De aquel viaje recuerdo especialmente una noche en la que estaba sentada en la proa de la nave, rodeada por el incienso que usaba el patrón para espantar a los mosquitos y viendo balancearse las linternas de aceite al ritmo del río. Lejanamente se oía el ruido de la resaca del agua contra las orillas. De repente me di cuenta de que estaba cansada. Mi vida en Occidente me parecía lejana, muy lejana, y todas las cosas que allí tenían valor aquí resultaban absurdas. Los viajes tienen ese poder mágico sobre el tiempo y la razón, me dije, al obligarte a romper con las costumbres y los miedos que, sin darnos cuenta, se han vuelto gruesas cadenas. No hubiera querido estar en ninguna otra parte en aquel momento ni hubiera cambiado la brisa del Yangtsé por el aire de Europa. Era como si el mundo me llamara, como si, de pronto, la inmensidad del planeta me suplicara que la recorriera, que no volviera a encerrarme en el mezquino corrillo de zancadillas, ambiciones y pequeñas envidias que era el círculo de los pintores, galeristas y marchantes de París. ¿Qué tenía yo que ver con todo aquello? Allí sí que había auténticos mandarines que decidían lo que era arte y lo que no, lo que era moderno y lo que no, lo que debía gustar al público y lo que no. Ya estaba harta de todo aquello. En realidad, lo único que yo quería era pintar y eso podía hacerlo en cualquier parte del mundo, sin competir con otros artistas ni tener que adular a los galeristas y a los críticos. Buscaría la tumba del Primer Emperador para saldar las deudas de Rémy pero, si todo aquello no era más que una locura y el lance terminaba sin éxito, no volvería a tener miedo. Empezaría otra vez de la nada. Seguramente, los nuevos ricos de Shanghai, tan esnobs y tan chics, pagarían bien por la pintura occidental.

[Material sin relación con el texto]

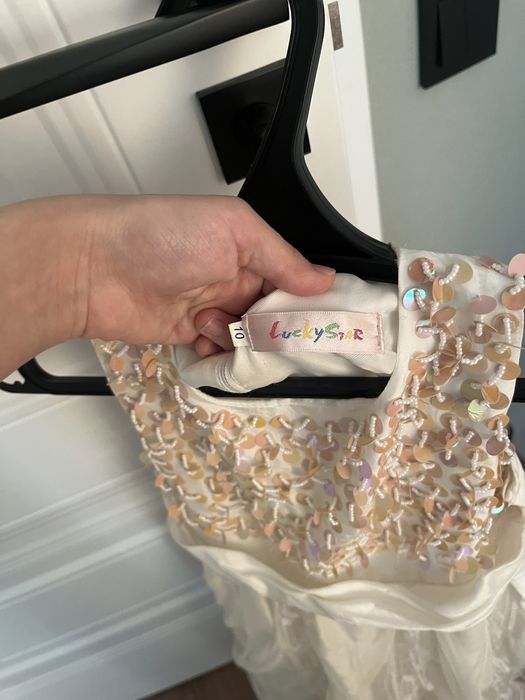 Платья и юбки  для девочек разных возрастов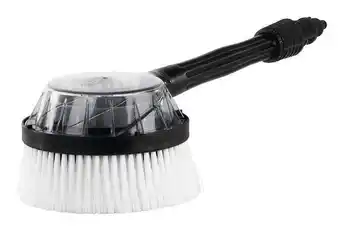 Brico Dépôt Mac allister brosse rotative offre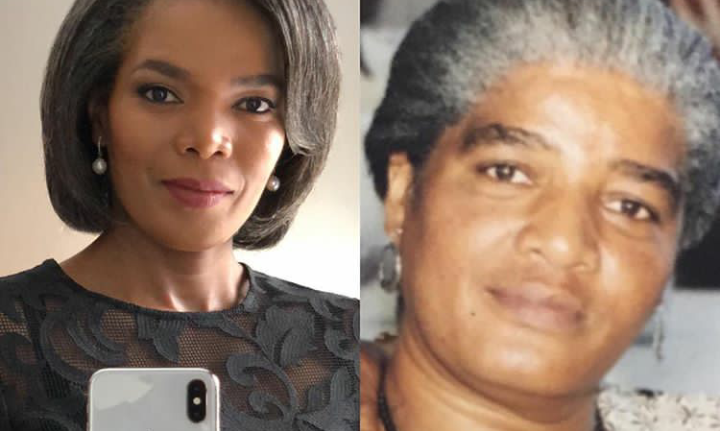 Connie Ferguson Shares Heartfelt Message About Her Late Mother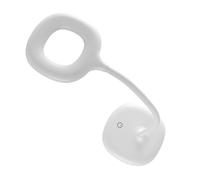 UNILUX GALY 1800, Lampada de Bureau LED, Tactile Bouton, Lampada Nomade, Compacte, Bras Flexible, Protégez Yeux, Sober Design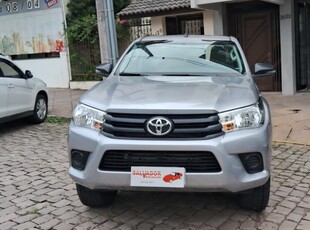 HILUX 2.8 STD 4X4 CD 16V DIESEL 4P MANUAL 2019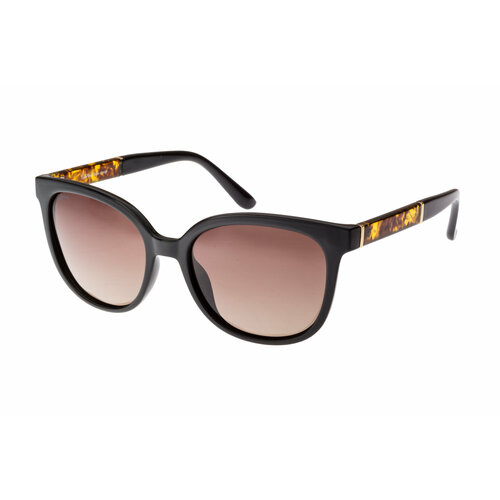 Солнцезащитные очки StyleMark, черный очки солнцезащитные stylemark polarized l1474b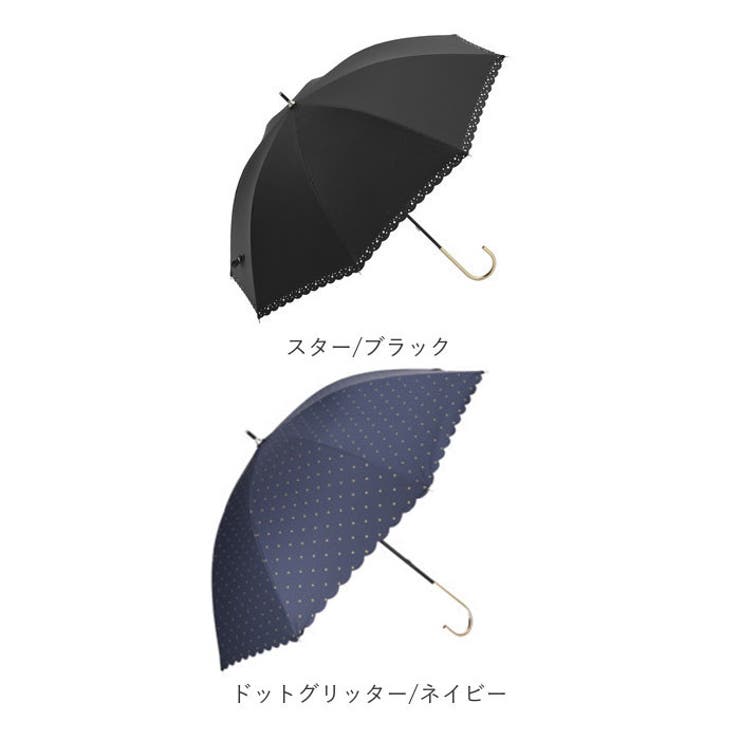 because ビコーズ PUコーティング 晴雨兼用 長傘 | BACKYARD FAMILY | 詳細画像13 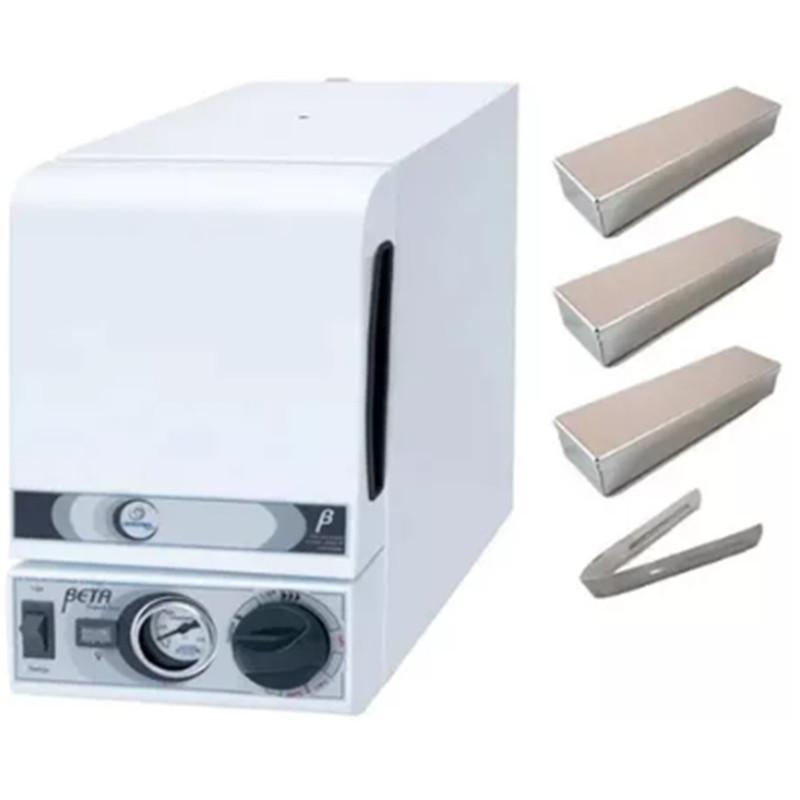 Miniatura Esterelizador Estufa Beta Odontecnica Extrator De Cravos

Aquella noche tan querida para mí fue la del 13 de septiembre. Dos días después arribamos al puerto de Hankow y Fernanda y yo nos enteramos, al poco de desembarcar y gracias a los cablegramas de información internacional que se recibían en el cuartel general del Kuomintang, que en aquella fecha había tenido lugar en España un golpe de Estado dirigido por el general Primo de Rivera quien, apoyado por la extrema derecha y con el beneplácito del rey Alfonso xiii, había disuelto las Cortes democráticamente elegidas y había proclamado una dictadura militar. En nuestro país imperaba ahora la ley marcial, la censura y la persecución política e ideológica.